## Data for processing

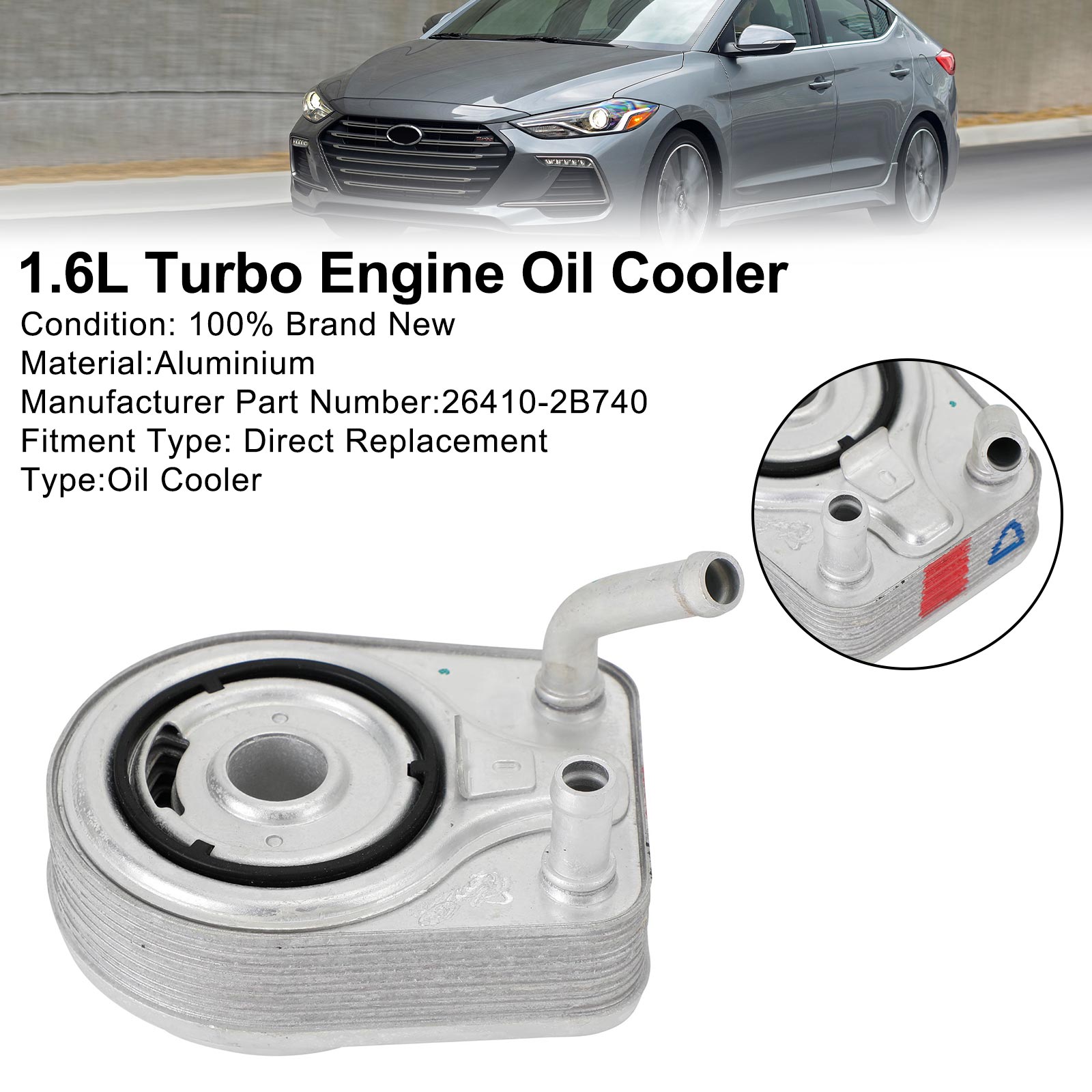 Engine Oil Cooler 26410-2B740 For Elantra Kona Sonata Tucson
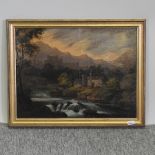 English School, 19th century, river landscape with anglers, castle beyond,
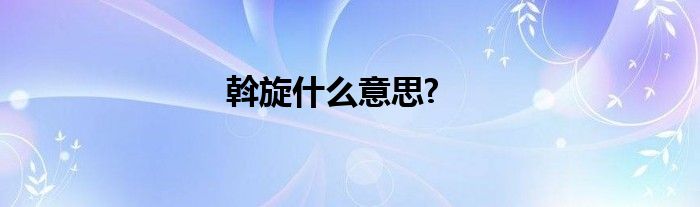 斡旋什么意思?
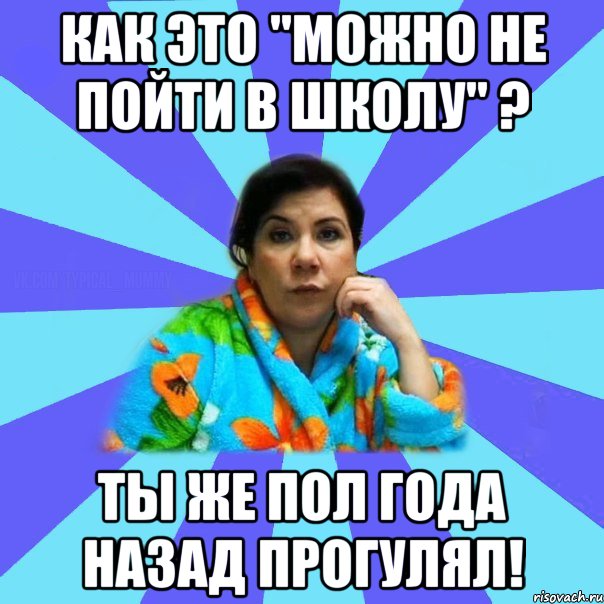 Как это "Можно не пойти в школу" ? Ты же пол года назад прогулял!, Мем типичная мама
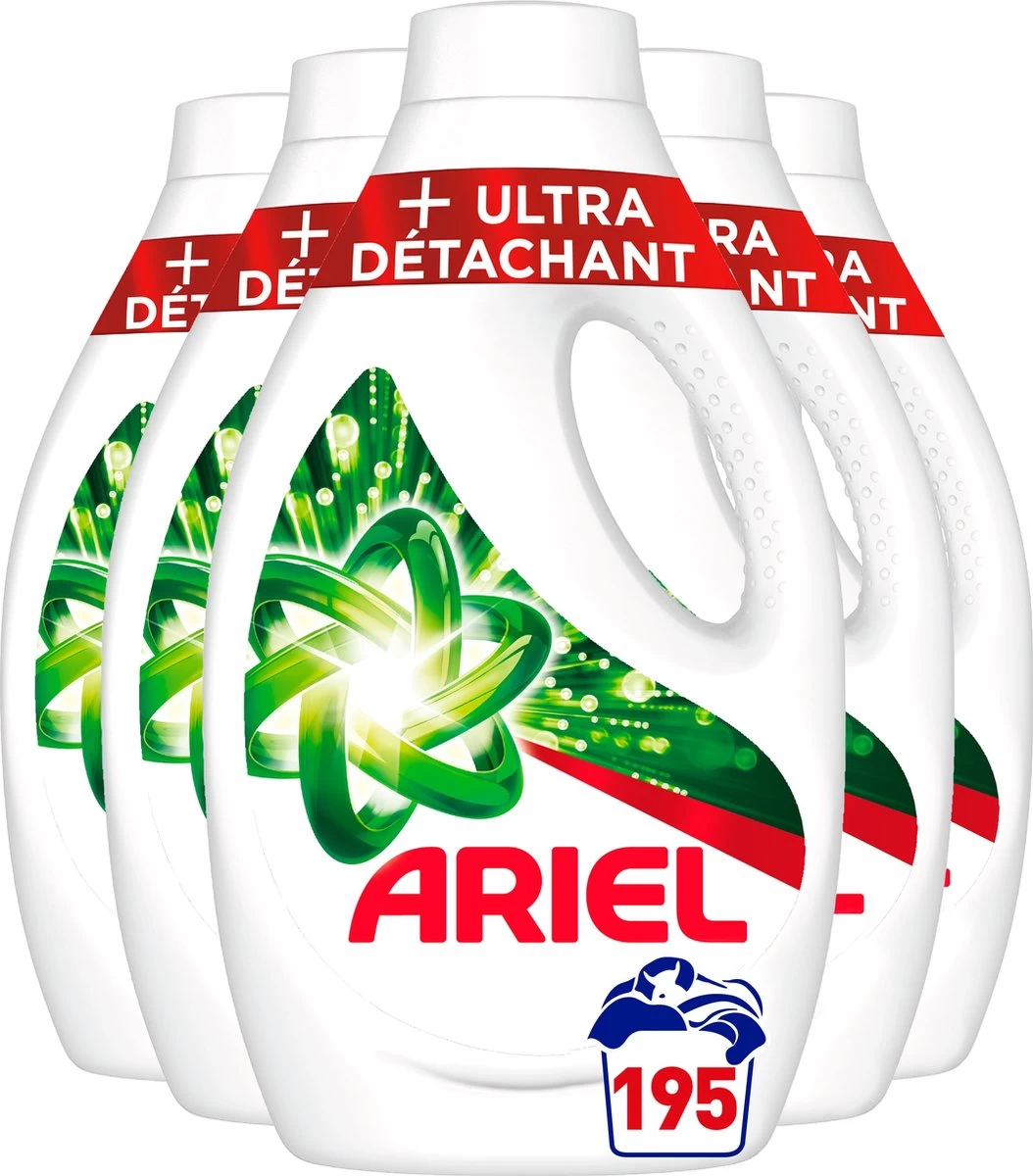 Ariel Vloeibaar Wasmiddel - +Ultra Détachant - Voordeelverpakking 5 X 39 Wasbeurten 3 Ariel Vloeibaar Wasmiddel - +Ultra Détachant - Voordeelverpakking 5 X 39 Wasbeurten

## Brief
Give back the whole listing exactly as it stands. No pictures belong in the copy.

## Finished task
 Engine Oil Cooler 26410-2B740 For Elantra Kona Sonata Tucson
 English School, 19th century, river landscape with anglers, castle beyond,
 斡旋什么意思?
 Как это "Можно не пойти в школу" ? Ты же пол года назад прогулял!, Мем типичная мама
 Ariel Vloeibaar Wasmiddel - +Ultra Détachant - Voordeelverpakking 5 X 39 Wasbeurten 3 Ariel Vloeibaar Wasmiddel - +Ultra Détachant - Voordeelverpakking 5 X 39 Wasbeurten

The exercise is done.